Clemens Brunner · Answer 9 · Fri Apr 05 2019 13:38:28 GMT+0800 (China Standard Time)

I don't really understand why you think that I only read the headers without the XML in the stream. This is not what's going on my commit from Feb 26th: dojeda/xdf@e209638
when the tag is not a header (id 1 or 2), this quick-read part is not executed. In other words, all streams that are data are quickly captured here and replaced with a file seek to move forward.

Alright, I missed the StreamHeader (2) part.

I read your gist: how to you propose to integrate it with pyxdf?
I feel the original pyxdf code may not be the most organized code, but I would strongly prefer to keep it as intact as possible for a couple of reasons: There is a lot of know-how on the original code (a complete rewrite may reintroduce old and new bugs), and to keep backward compatibility.

Good question, I don't know yet. We could either modify load_xdf (as per your suggestion) or include parse_xdf. I find the chunk-based way of aggregating the data useful (e.g. for debugging purposes), which I think cannot be done with load_xdf, so it might be worth having both functions.

Regarding the XML parser, I think this should be discussed in a separate issue. Same for the original timestamps.

Since this repo has moved to https://github.com/xdf-modules/xdf-Python, we should also continue our discussion of this issue there.

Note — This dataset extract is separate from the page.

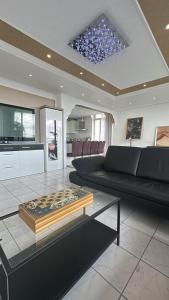 Exklusives Penthouse mit Sauna am Rhein, nähe Düsseldorf Messe Airport, 180m2 Luxus, 150m2 Terasse ideal für Gruppen, Shootings, Content Creator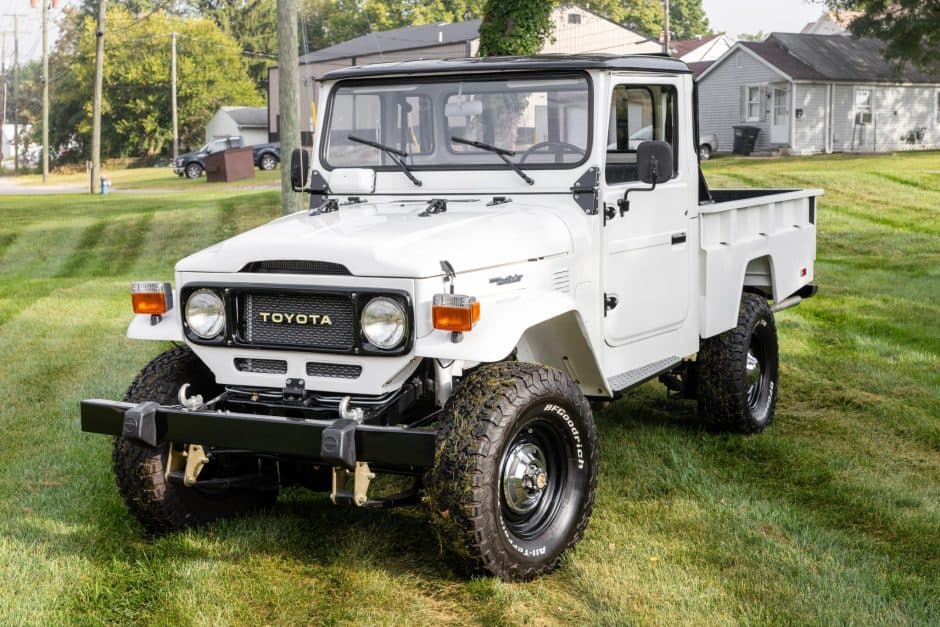 1986 Toyota Land Cruiser FJ45 sold for $42,345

David Ojeda · Answer 10 · Fri Apr 05 2019 16:08:53 GMT+0800 (China Standard Time)

I didn't know this repo was moved elsewhere... I have been filing some issues since a couple of months ago and I did not find any information regarding this.
I can move them along with the discussion if needed...
Perhaps a maintainer can point to or explain what the roadmap for pyxdf is?
@chkothe

Clemens Brunner · Answer 11 · Fri Apr 05 2019 19:40:26 GMT+0800 (China Standard Time)

@cboulay is the current maintainer AFAIK

Chadwick Boulay · Answer 12 · Fri Apr 05 2019 23:40:10 GMT+0800 (China Standard Time)

It hasn't moved yet. I made a pull request proposing it to be moved, and for that pull request to work I had to copy the code into the component submodules. Please take a look at the PR and let me know what you think. So far I've only received a little bit of feedback, but it's been positive!

Note that sccn/xdf remains and is still the home. Any documents related to the xdf file spec will stay here. What has moved is the python code, matlab code, and the new addition of C++ libxdf, though the python and matlab code are still linked here via submodules.

This separation is desirable for several reasons:

we can collect 'unofficial' tools related to xdf (e.g. libxdf)
we can give access to contributors so they can update the code faster than it has been (this is a big problem for xdf)
however, changes in the submodules won't be reflected in upstream sccn/xdf until someone updates the submodules pointers (requires write access to sccn/xdf) so there's no risk of the contributors breaking something 'official'.

There are also some conveniences for build systems and continuous integration but those are relatively minor as long as the only 'testable' part is Python.